Er will sich nun persönlich darum bemühen, dem britischen Parlament eine »Dringende Frage« vorzulegen, die Premierminister David Cameron dazu zwingen würde, Abgeordnete über die von ihm bei Bilderberg geführten Gespräche zu informieren und auch entsprechende Fragen zu beantworten. Cameron war am Freitag zur Konferenz angereist. Traditionsgemäß wird der Regierungschef des Gastgeberlandes immer zur Konferenz geladen, folglich kann sich auch kein Präsident, kein Premier und kein Kanzler je herausreden, nichts von Bilderberg gewusst zu haben. Aber seit einiger Zeit wird offener darüber gesprochen. Etliche Politiker teilen öffentlich mit, eingeladen worden zu sein.

 

Heute geht es auch nicht mehr um die Frage, ob diese mysteriösen Konferenzen tatsächlich stattfinden, sondern was dort wirklich geschieht. Das bleibt weiterhin großteils geheim. Die Teilnahme am Bilderberg-Treffen steht natürlich in deutlichem Kontrast zu Camerons politischem Versprechen, eine möglichst transparente Regierung zu schaffen. Transparenz dürfte für dieArrangeure der großen Geheimkonferenz ein Fremdwort sein, zumindest ein Unwort. Seit Jahr und Tag waren die Begründer dieses besonderen Zirkels darauf bedacht, nichts über ihre Absprachen nach außen dringen zu lassen. Doch der öffentliche Druck wächst merklich, das belegt gerade auch das aktuelle Treffen in Hertfordshire.

 

Bereits in den vergangenen Jahren haben sich vereinzelte Politiker öffentlich sehr kritisch zur Sachlage bezüglich Bilderberg geäußert. Diesmal traten Abgeordnete erneut vor die Kamera und nahmen klar Stellung. Sehr klare Worte fand auch Gerard Batten, Europaabgeordneter für die United Kingdom Independence Party (UKIP), zu deren Gründungsmitgliedern er zählt. Schon am 12. September 2011 hatte er während einer einminütigen Rede vor dem Europäischen Parlament in Straßburg die Frage gestellt, warum die Medien nicht über die jährlichen Treffen der Bilderberg-Gruppe berichten, obwohl dort einige der einflussreichsten Leute der Welt teilnehmen.

 

Vor dem Parlament erklärte Batten: »Die Europäische Kommission hat kürzlich auf meine schriftliche Anfrage geantwortet und bestätigt, dass die Kommissare Almunia und Kroes am Bilderberg-Treffen von St.
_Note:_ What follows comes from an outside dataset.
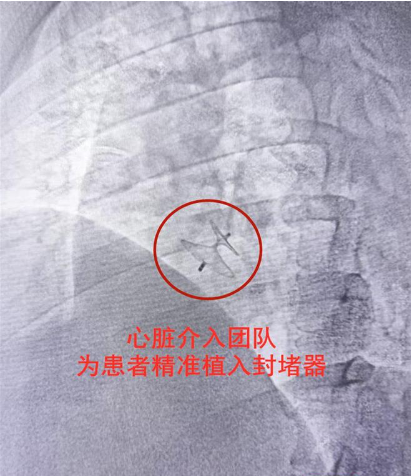 男子十余年头痛难止，原是心“破”了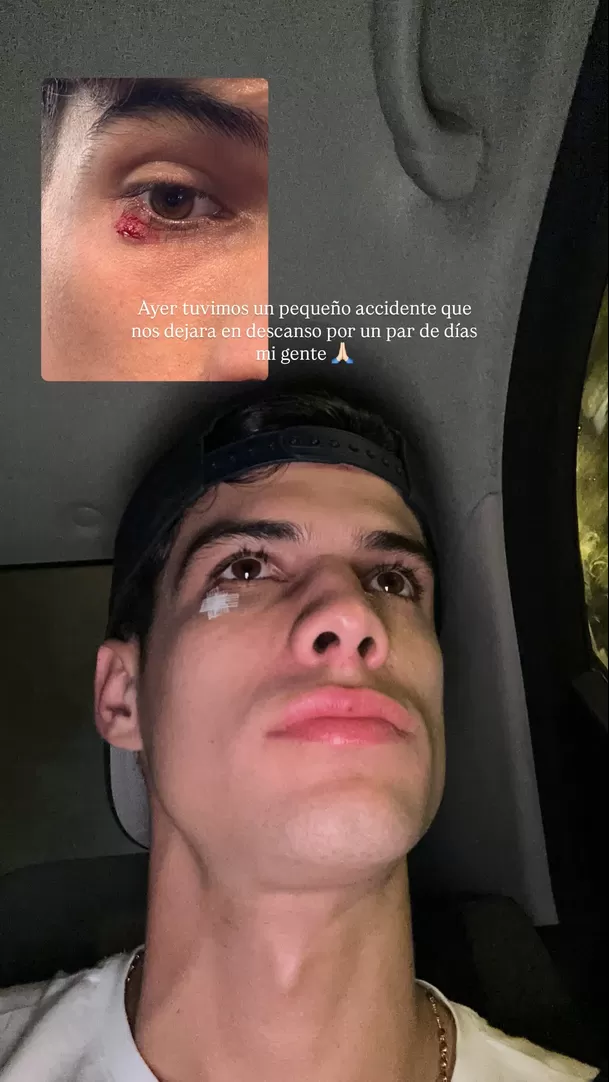 Kevin Díaz sufrió accidente y compartió imágenes de su rostro / Instagram Kevin Díaz sufrió accidente y compartió imágenes de su rostro / Instagram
Moritz im vergangenen Juni teilgenommen haben. Die Kommission kann mir zwar keine Details hinsichtlich der Diskussionsinhalte nennen, doch hält sie fest, dass auf Bilderberg-Tagungen mit Gewissheit keine Entscheidungen gefällt werden. Wenn aber Bilderberg-Treffen nicht mehr als Quasselbuden sind, warum halten es dann die mächtigsten Figuren aus aller Welt, einschließlich des britischen Finanzministers George Osborne, für nötig, daran teilzunehmen? Welches andere Gipfeltreffen von Weltführern in Politik, Finanz und Geschäftswelt bleibt in den Mainstreammedien wie der BBC völlig unerwähnt? Es ist unmöglich, nicht zu der Schlussfolgerung zu gelangen, dass das Nichtberichten über diese Ereignisse nichts anderes als eine Verschwörung zwischen den Bilderberg-Organisatoren und den Medien darstellt.«

 

All dies bestätigt für Batten die in kritischen Kreisen verbreitete Meinung, die verborgene Agenda sowie der gesamte Zweck von Bilderberg sei die Verwirklichung einer undemokratischen Weltregierung. Überzeugungen dieser Art mehren sich. In Watford bekräftige Batten jetzt vor laufender Kamera seine Aussagen und erklärte außerdem, die Europäische Union sei einst von den Nazis entworfen worden, denn: »Im Jahr 1942 arbeitete die deutsche Zentralbank zusammen mit Doktor Walther Funk und führenden Industriebossen einen Plan aus, wie wir die europäische Wirtschaft nach dem gewonnenen Krieg führen könnten.«Funk war seinerzeit Reichswirtschaftsminister und hielt am 25. Juli 1940 eine Rede zur wirtschaftlichen Neuordnung Europas.

 

Batten zufolge sei es »mehr als wahrscheinlich, dass viele der nationalsozialistischen Wirtschaftsarchitekten, die auch verantwortlich für Pläne einer gemeinsamen Union zeichneten, später ihren Weg in die Bürokratie fanden, nachdem die supranationale Institution unter der Aufsicht der Europäischen Wirtschaftsgemeinschaft in den frühen 1950ern ihren Anfang nahm. Das war die Zeit, in der die Bilderberg-Gruppe begann, ihre jährlichen Treffen abzuhalten«.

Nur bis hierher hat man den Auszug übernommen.